The finding will inform efforts to develop screening tests for gout risk as well as potential new treatments.
The research was co-led by scientists at Johns Hopkins.
In their analysis, the researchers combined DNA and serum urate data from 457,690 individuals participating in 74 studies, and revealed 183 sites, or “loci,” in the genome where DNA variations are strongly associated with high urate levels.
The vast majority of these loci had not been identified in previous studies.
The researchers mapped many of the loci to specific genes and found that a large proportion are active in liver and kidney cells, sites of urate generation and excretion, respectively.
They also showed that the 183 urate-associated loci could be used to predict gout risk in an independent group of more than 300,000 people.
The team says these findings may be useful in developing screening tests for gout risk so that patients who are at risk can adopt dietary changes to avoid developing the condition.
The urate-related gene variants and biological pathways uncovered here also should be useful in the search for new ways to treat gout.”

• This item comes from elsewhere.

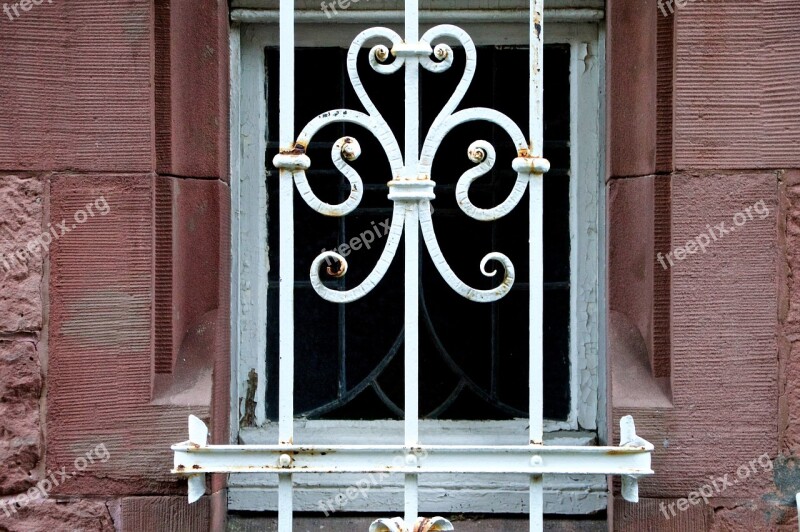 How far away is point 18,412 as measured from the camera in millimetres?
2162

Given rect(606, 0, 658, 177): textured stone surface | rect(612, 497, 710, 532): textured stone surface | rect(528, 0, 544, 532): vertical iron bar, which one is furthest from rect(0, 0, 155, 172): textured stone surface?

Gout affects more than 8 million people in the U.S. It occurs when urate (also called uric acid) becomes too concentrated in the blood and precipitates into solid crystals, most frequently in the joints.
The crystals trigger episodes of painful inflammation, especially in the big toes.

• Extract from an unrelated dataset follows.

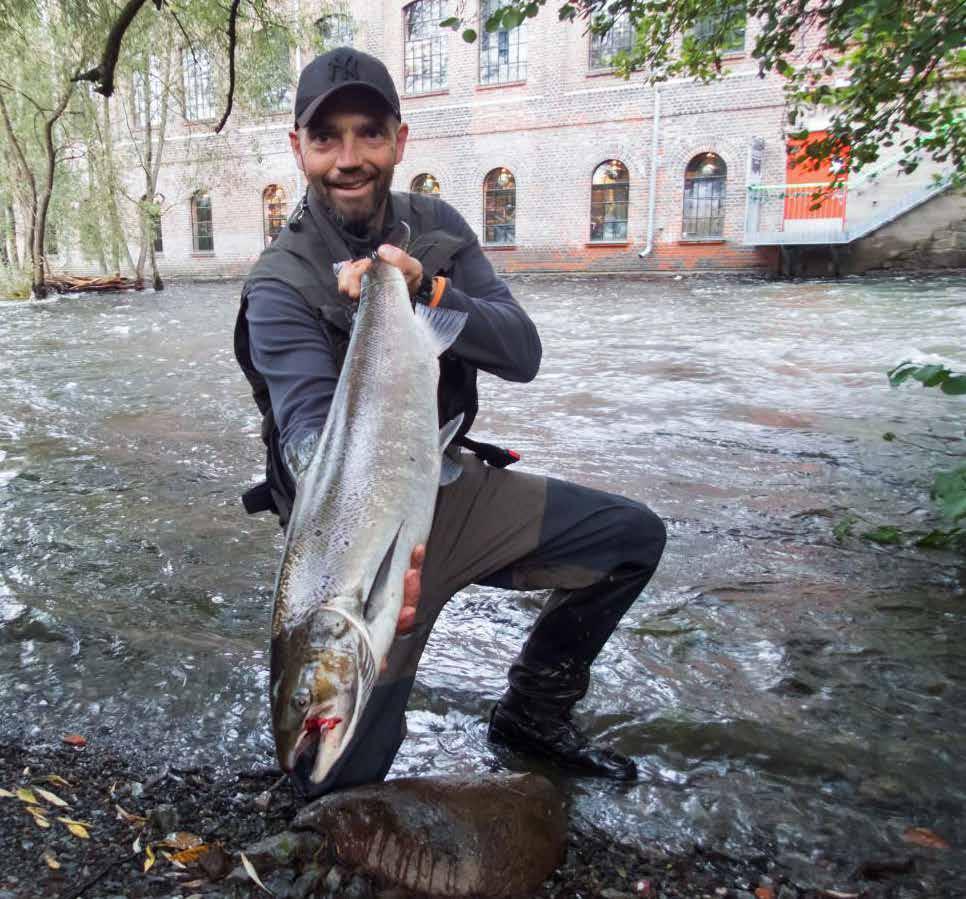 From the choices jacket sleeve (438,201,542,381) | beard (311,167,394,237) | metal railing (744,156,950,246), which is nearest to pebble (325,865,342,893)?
jacket sleeve (438,201,542,381)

In the 16th century, gout plagued Henry VIII of England and many other historical figures and was once known as the “disease of kings” because it occurred as a result of diets normally available only to the very wealthy.
Urate is a breakdown product of purine molecules, which are found much more in meat- or shellfish-heavy diets than in vegetarian diets.
Alcoholic beverages, particularly beer, are also high in purine content. Gout has been increasing in prevalence around the world as many countries’ diets have grown richer.
The lead author of the study is Adrienne Tin, Ph.D., assistant scientist in the Department of Epidemiology at the Bloomberg School.
The study is published in Nature Genetics.